El giro acarrea consecuencias promisorias. Límites a la reelección presidencial, paquetes de leyes contra la corrupción, resultados electorales que probablemente den lugar a cambios profundos y una investigación judicial que, desafiando límites jurisdiccionales, pone negro sobre blanco un esquema pútrido donde unos pocos pícaros cubrieron el robo con la bandera del deporte.
Vale la pena preguntarse si nuestro país está al margen de este cambio fundamental, si, como en otras tantas cosas, también estamos aislados. Con más razón porque vivimos un tiempo electoral apremiante, consecuencia de un largo ciclo que marcó un modo de hacer política, de mandar y ejercer el poder, que atravesó la vida de la Argentina de punta a punta, de arriba hacia abajo.
Los hechos son contundentes. No es tan sólo el triste espectáculo de candidatos sometidos al escarnio en un programa televisivo, los largos feriados largos, las fiestas patrias tergiversadas para unos cuantos o eventos deportivos interrumpidos por la violencia. Ésa es tan sólo la superficie que manifiesta algo subterráneo, más profundo. Se trata, en verdad, de una falsa disyunción que, con aires de renovación, se plantea entre nueva y vieja política, cuando en realidad no hay más que política y malos hábitos, que suelen adquirirse rápido desde la inexperiencia o la urgencia. Es la falta de institucionalidad que nos deja desamparados ante la arbitrariedad y que lugar a medidas de gobierno destempladas y faltas de equilibrio. La excusa de la gestión como argumento todopoderoso de la política supone un Estado como si fuera una empresa privada o una agencia de colocaciones, cuando es mucho más que eso.
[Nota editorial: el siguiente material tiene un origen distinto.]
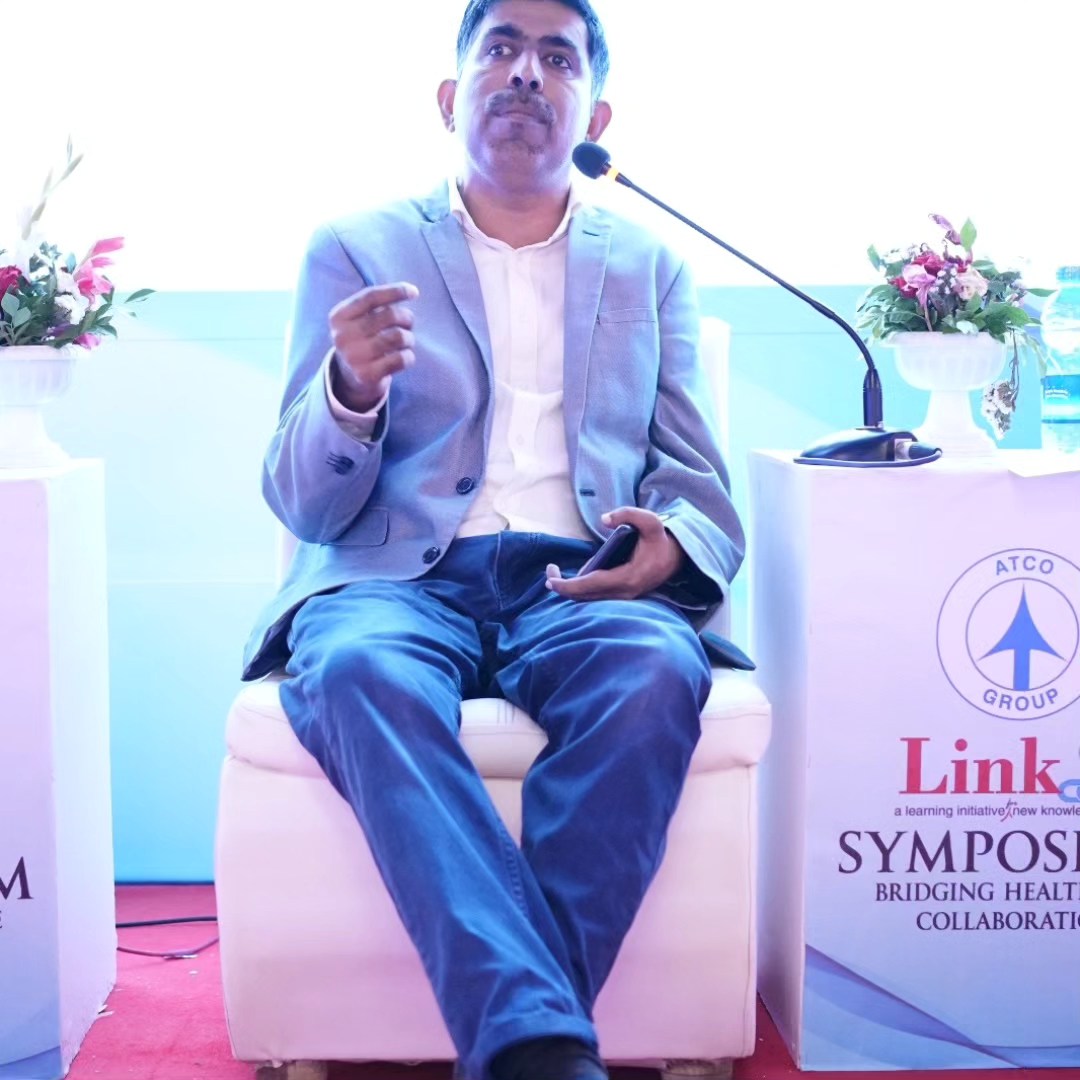 Dr Muhammad Rizwan Rafiq - Dermatologist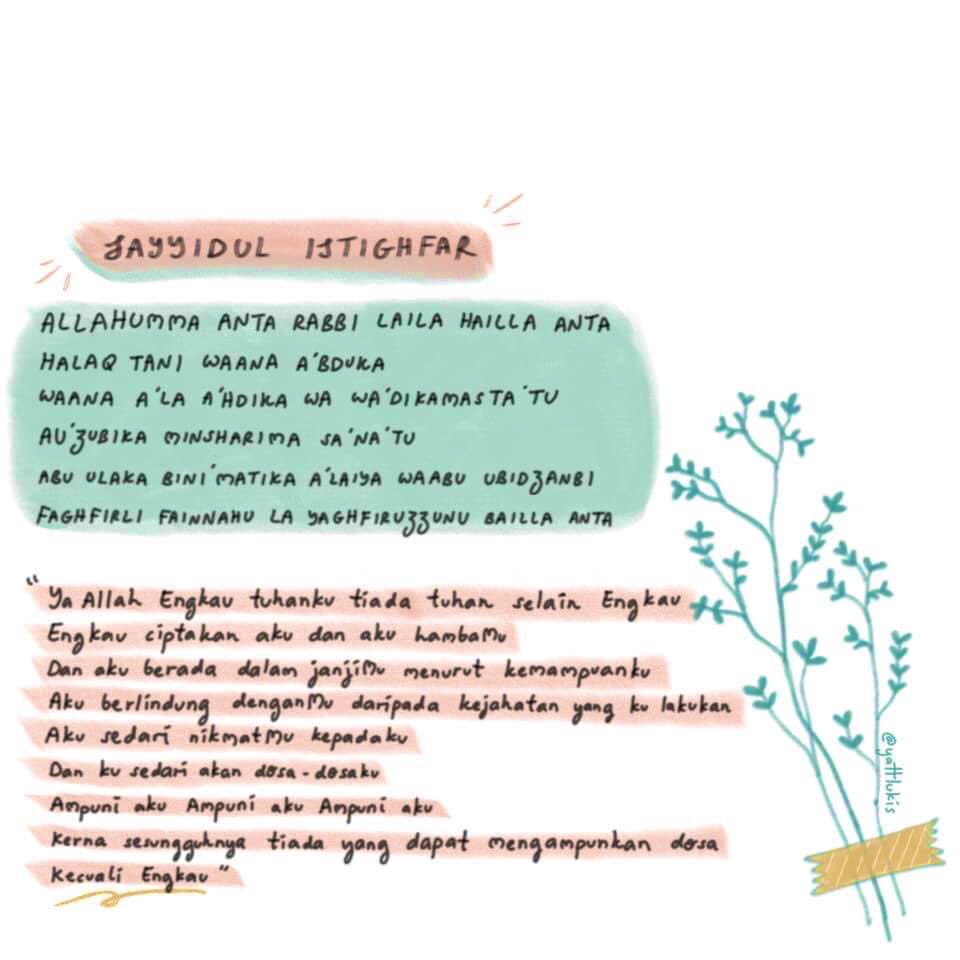 imranthefighter's tweet photo. Jom tukar ikut cara @Neelofa 😘😁☺️ https://t.co/bAD2bysjyS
Nuestros usos y costumbres están alterados. La moral y el esfuerzo están en un segundo plano. Todos esos vicios, carencias e imposturas crean las condiciones para un ambiente en el que la falta de transparencia es una de las características predominantes. Y una vez más estamos quedando fuera del mundo, en nuestro orbitar autista. Es tiempo de volver a las fuentes. De la máxima tolerancia en las ideas y la máxima intransigencia en las conductas. De la austeridad y la dignidad. Del maridaje equilibrado entre moral y política, atadas con el esfuerzo. Es el tiempo, en definitiva, de la transparencia en el mundo y lo debe ser también en la Argentina. Y no es cuestión de hacernos los distraídos y culpar a la dirigencia política: es la sociedad argentina la que de una vez debe enfrentar su responsabilidad y terminar con esta decadencia en caída libre.